◆ WHAT TO WORK ON
For this exercise, an exact copy is needed of only the lines from the one containing "Cat Crafter T-Shirt" through the end of the data, with pictures left out.

*** LISTED ENTRIES

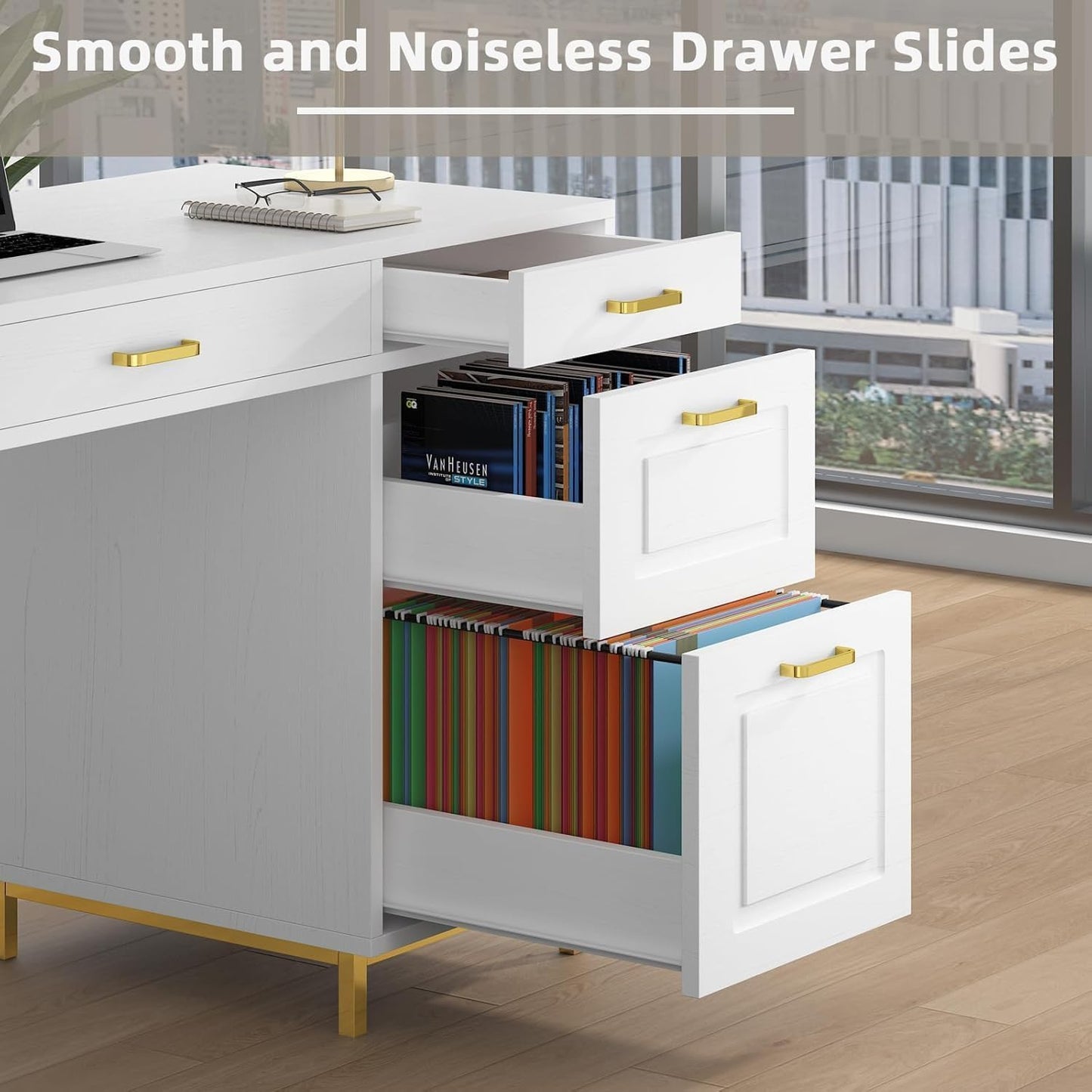 MaverickFurni White and Gold Desk with 2 File Drawers, 57 Inch Office Computer Desk with 7 Drawers, White Desk with Storage, Wooden Executive Desk for Office, Workspace for Work Study Writing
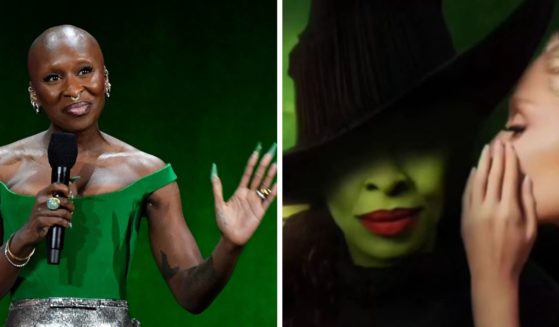 (L) British actress Cynthia Erivo speaks about the movie "Wicked" during the Universal Pictures and Focus Features presentation at The Colosseum at Caesars Palace at CinemaCon 2024 in Las Vegas, Nevada, on April 10, 2024. (R) This X screen shot shows a fan-edited poster for the "Wicked" movie.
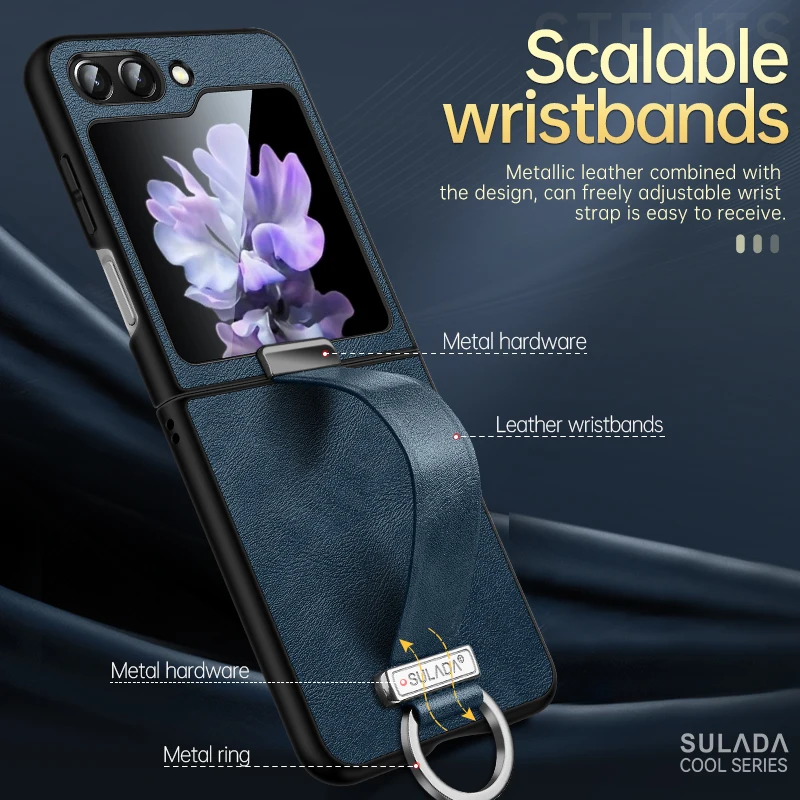 

New Luxury PU Leather Metal Border Phone Case For Samsung Galaxy Z Flip 4 5 6 Magnetic Shock Resistant Wrist Strap Protect Cover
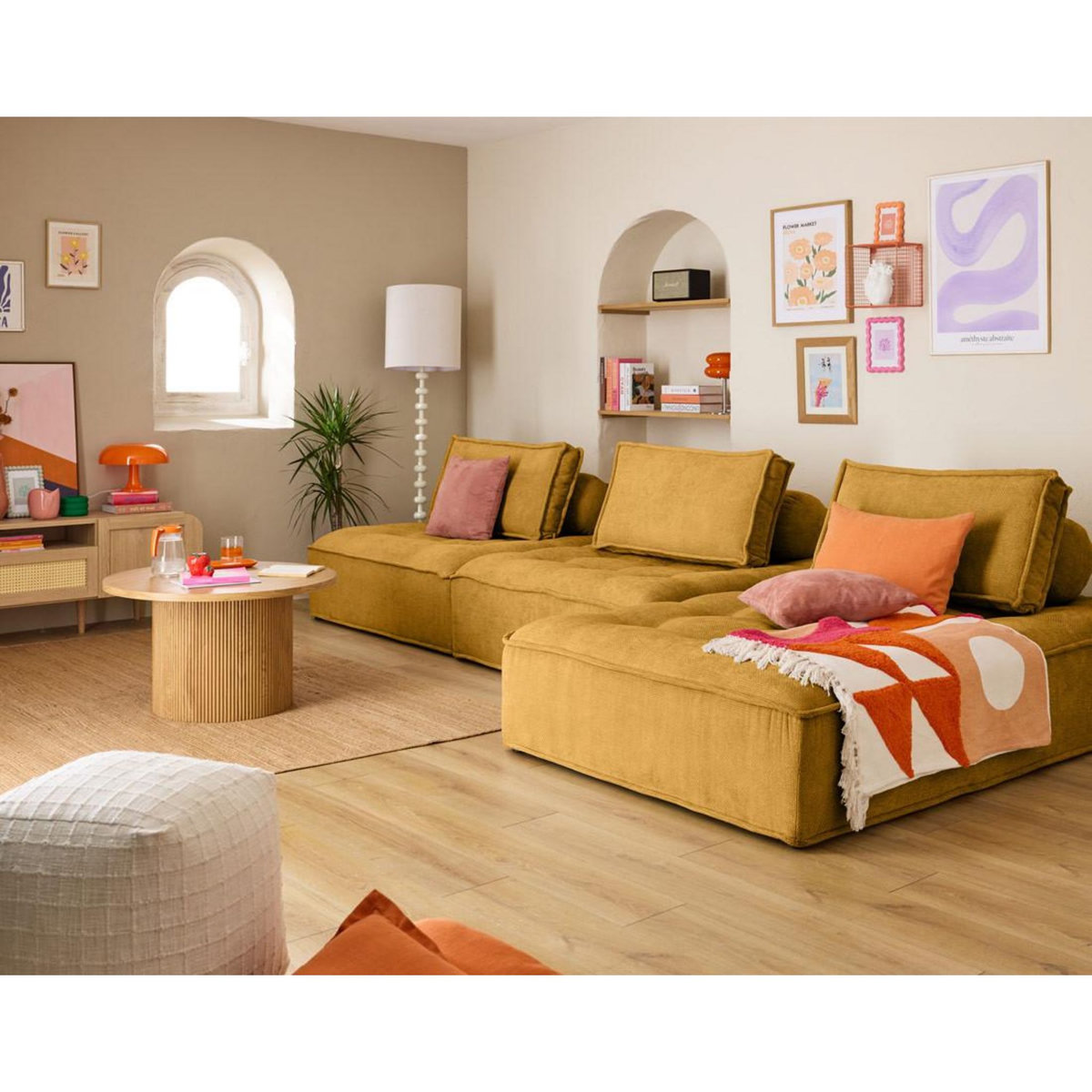 LISA DESIGN Marisol - canapé d'angle modulable 4 places - velours texturé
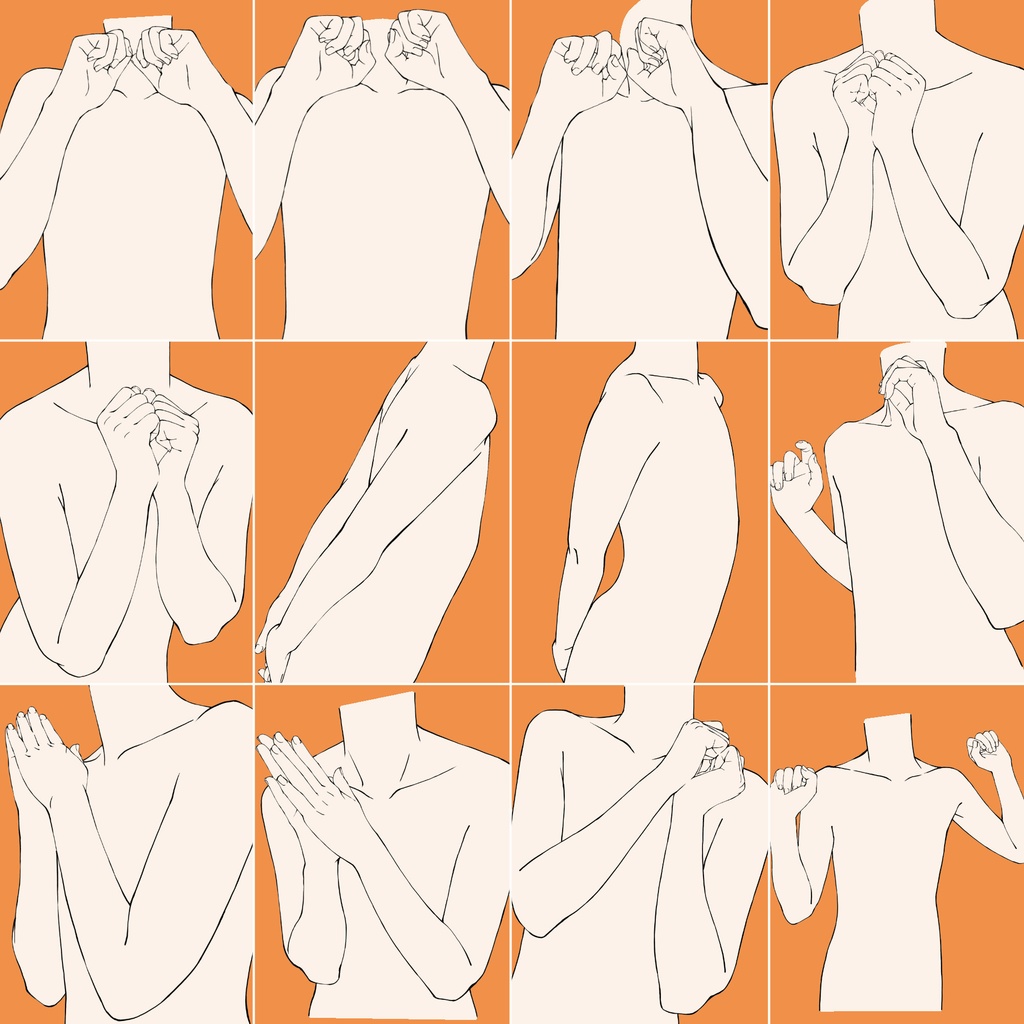 96.様々な上半身のポーズ【イラスト・漫画用素材】無料サンプルございます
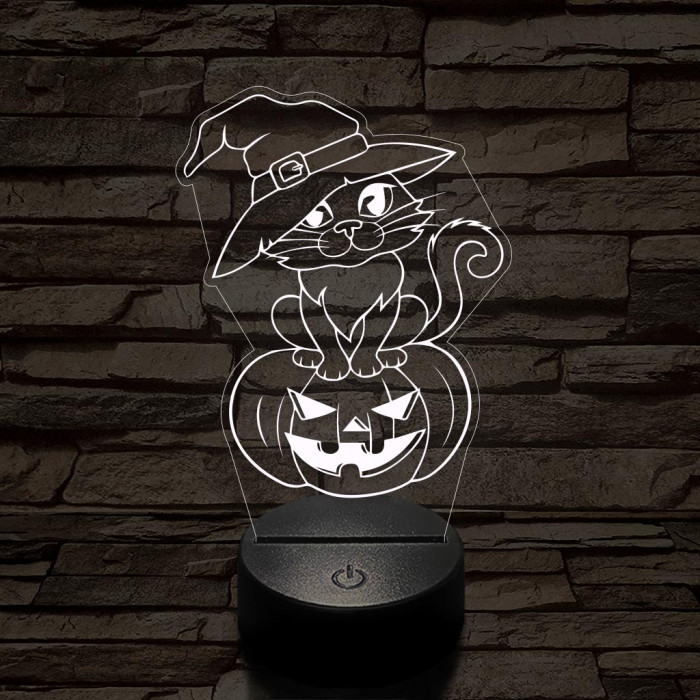 Halloween macska 7 színű  3D led lámpa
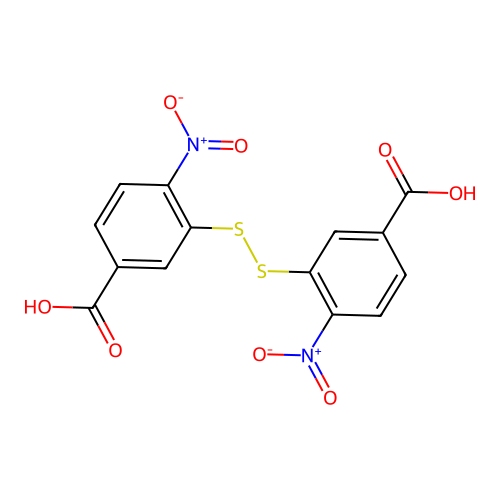 3-[(5-Carboxy-2-nitrophenyl)disulfanyl]-4-nitrobenzoic acid structure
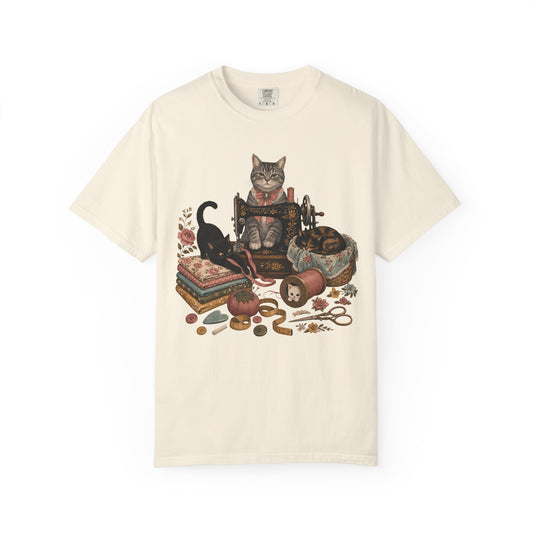Cat Crafter T-Shirt — Vintage Sewing & Yarn Cat Graphic Tee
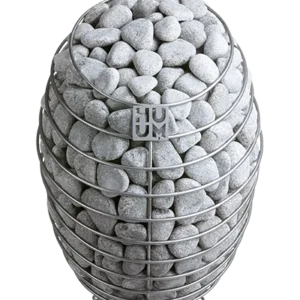 HUUM DROP electric sauna heater, angled top view of rounded stone basket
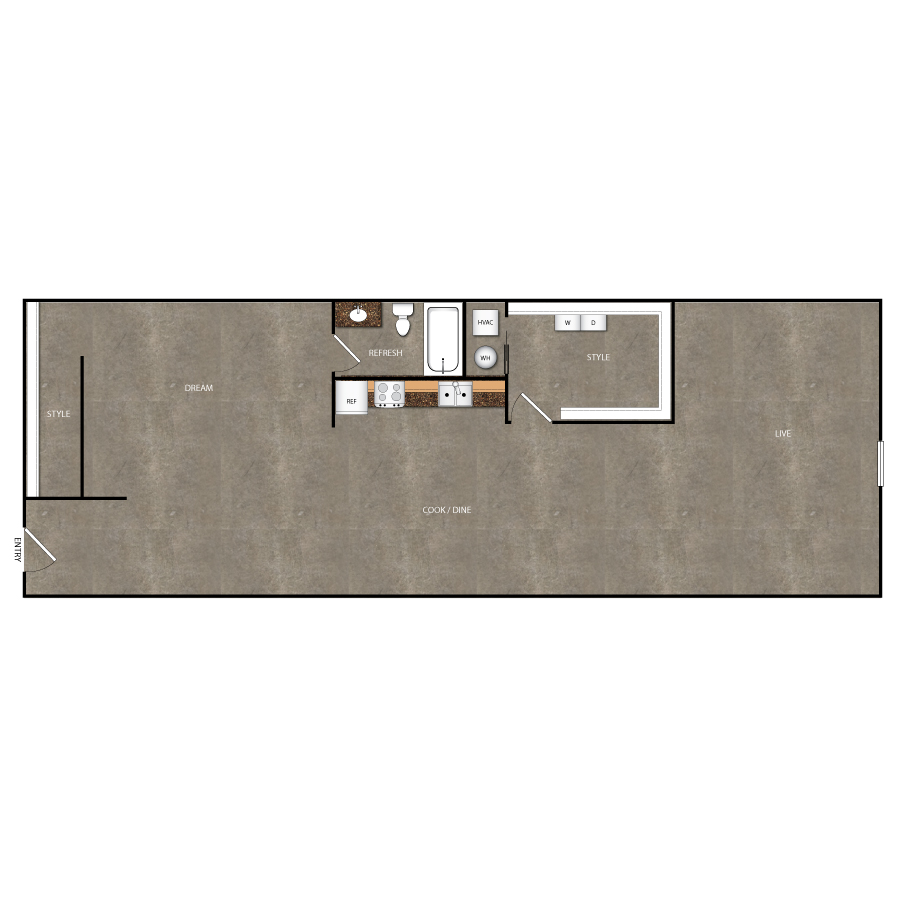 Rendering of the A104 floor plan with 1 bedroom[s] and 1 bathroom[s] at Magnolia Station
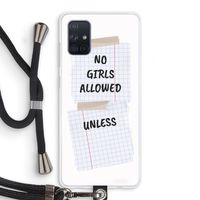 No Girls Allowed Unless: Samsung Galaxy A71 Transparant Hoesje met koord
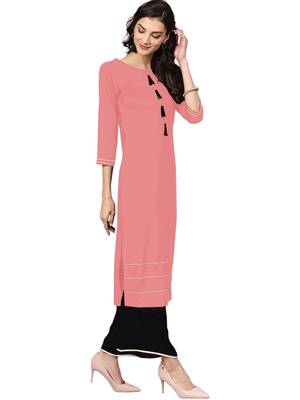 pink rayon plain long-kurtis For Women 4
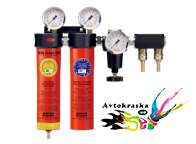 Sata Двухступенчатый фильтр 244 для зон подготовки с регулятором давления и выходным модулем G 1/4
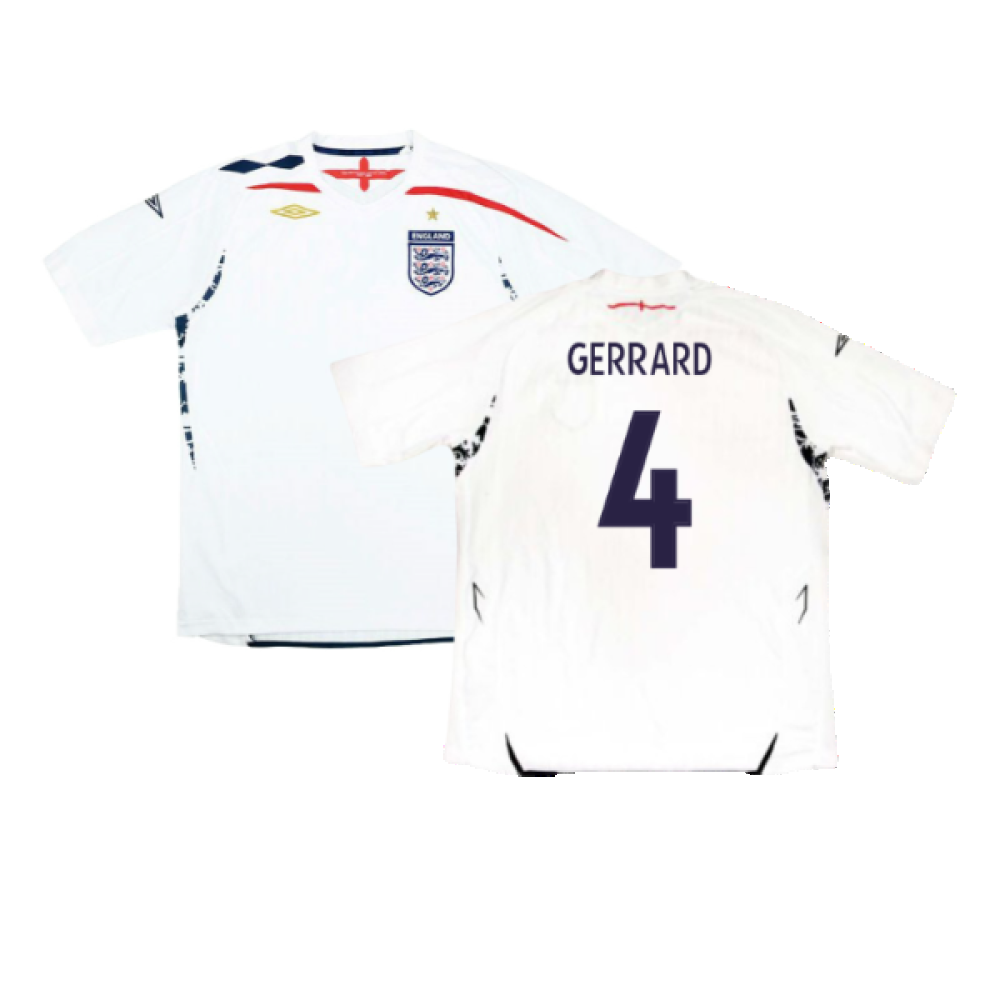 England 2007-09 Home Shirt (XL) (Excellent) (GERRARD 4)_0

******

◆ RESULT
Cat Crafter T-Shirt — Vintage Sewing & Yarn Cat Graphic Tee
 HUUM DROP electric sauna heater, angled top view of rounded stone basket
 Rendering of the A104 floor plan with 1 bedroom[s] and 1 bathroom[s] at Magnolia Station
 No Girls Allowed Unless: Samsung Galaxy A71 Transparant Hoesje met koord
 pink rayon plain long-kurtis For Women 4
 Sata Двухступенчатый фильтр 244 для зон подготовки с регулятором давления и выходным модулем G 1/4
 England 2007-09 Home Shirt (XL) (Excellent) (GERRARD 4)_0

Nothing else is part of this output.